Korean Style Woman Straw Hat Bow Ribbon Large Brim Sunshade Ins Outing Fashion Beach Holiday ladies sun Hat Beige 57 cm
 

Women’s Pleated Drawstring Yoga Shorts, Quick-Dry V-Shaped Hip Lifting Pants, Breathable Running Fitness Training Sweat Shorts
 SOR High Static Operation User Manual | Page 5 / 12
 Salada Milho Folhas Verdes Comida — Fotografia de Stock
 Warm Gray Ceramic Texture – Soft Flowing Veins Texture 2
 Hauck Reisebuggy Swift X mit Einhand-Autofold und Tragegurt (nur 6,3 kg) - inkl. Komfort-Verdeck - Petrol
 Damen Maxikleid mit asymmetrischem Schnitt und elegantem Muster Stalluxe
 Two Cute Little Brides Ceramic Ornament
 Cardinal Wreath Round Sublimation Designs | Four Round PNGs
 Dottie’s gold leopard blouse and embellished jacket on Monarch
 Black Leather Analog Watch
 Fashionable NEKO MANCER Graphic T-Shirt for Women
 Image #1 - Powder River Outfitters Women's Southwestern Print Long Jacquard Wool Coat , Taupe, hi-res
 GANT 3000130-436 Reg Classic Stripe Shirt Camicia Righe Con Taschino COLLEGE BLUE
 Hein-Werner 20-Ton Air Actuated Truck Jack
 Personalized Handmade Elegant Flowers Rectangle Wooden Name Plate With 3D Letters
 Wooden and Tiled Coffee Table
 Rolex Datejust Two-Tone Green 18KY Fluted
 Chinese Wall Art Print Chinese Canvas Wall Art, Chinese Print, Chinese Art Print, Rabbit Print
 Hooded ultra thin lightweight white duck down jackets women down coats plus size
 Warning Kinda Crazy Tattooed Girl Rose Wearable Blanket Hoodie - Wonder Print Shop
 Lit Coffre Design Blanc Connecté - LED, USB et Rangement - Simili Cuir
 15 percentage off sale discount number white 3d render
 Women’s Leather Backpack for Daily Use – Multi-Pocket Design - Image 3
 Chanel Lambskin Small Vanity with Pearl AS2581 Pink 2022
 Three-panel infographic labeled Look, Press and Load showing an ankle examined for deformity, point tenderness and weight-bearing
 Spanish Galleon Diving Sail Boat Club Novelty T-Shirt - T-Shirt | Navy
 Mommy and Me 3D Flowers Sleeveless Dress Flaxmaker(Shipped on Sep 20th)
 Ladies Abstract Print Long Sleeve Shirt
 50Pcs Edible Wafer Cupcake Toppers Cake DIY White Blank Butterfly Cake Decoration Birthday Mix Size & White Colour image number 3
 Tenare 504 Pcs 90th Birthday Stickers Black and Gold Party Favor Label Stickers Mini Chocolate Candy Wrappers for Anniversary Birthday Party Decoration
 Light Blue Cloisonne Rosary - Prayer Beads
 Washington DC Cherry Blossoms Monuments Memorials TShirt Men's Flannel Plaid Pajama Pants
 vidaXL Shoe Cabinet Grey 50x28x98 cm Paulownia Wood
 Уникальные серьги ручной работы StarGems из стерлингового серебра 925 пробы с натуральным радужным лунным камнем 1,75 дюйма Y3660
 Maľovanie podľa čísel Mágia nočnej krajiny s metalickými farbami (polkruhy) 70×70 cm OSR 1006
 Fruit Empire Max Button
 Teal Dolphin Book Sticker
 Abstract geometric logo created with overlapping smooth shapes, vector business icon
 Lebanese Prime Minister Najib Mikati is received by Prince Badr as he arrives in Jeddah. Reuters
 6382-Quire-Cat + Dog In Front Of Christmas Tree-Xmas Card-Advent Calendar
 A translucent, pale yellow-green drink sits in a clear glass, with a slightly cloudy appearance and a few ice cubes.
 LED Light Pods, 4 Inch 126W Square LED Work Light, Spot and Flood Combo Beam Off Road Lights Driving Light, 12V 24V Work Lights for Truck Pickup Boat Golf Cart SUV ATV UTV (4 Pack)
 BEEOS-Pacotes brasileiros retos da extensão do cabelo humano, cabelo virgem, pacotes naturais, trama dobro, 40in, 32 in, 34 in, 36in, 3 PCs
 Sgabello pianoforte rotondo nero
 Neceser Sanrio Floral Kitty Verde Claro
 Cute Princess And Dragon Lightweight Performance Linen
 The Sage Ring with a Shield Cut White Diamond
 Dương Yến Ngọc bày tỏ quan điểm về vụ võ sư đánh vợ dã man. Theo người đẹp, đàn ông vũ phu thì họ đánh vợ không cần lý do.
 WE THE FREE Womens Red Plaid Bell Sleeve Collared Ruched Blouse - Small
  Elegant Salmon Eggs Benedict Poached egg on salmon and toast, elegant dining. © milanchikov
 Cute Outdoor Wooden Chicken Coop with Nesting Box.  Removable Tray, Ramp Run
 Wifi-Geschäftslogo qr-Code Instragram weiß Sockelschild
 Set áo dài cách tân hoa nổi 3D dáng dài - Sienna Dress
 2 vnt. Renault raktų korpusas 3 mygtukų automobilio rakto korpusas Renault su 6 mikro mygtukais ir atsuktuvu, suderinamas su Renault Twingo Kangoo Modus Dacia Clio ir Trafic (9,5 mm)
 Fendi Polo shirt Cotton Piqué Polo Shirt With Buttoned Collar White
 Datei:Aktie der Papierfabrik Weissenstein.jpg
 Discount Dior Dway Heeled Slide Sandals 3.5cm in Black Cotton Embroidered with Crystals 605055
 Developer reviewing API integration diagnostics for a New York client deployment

______________________________

● Try it: Among the lines above, return those that hold the word "Decoration".

● Expected answer:
 50Pcs Edible Wafer Cupcake Toppers Cake DIY White Blank Butterfly Cake Decoration Birthday Mix Size & White Colour image number 3
 Tenare 504 Pcs 90th Birthday Stickers Black and Gold Party Favor Label Stickers Mini Chocolate Candy Wrappers for Anniversary Birthday Party Decoration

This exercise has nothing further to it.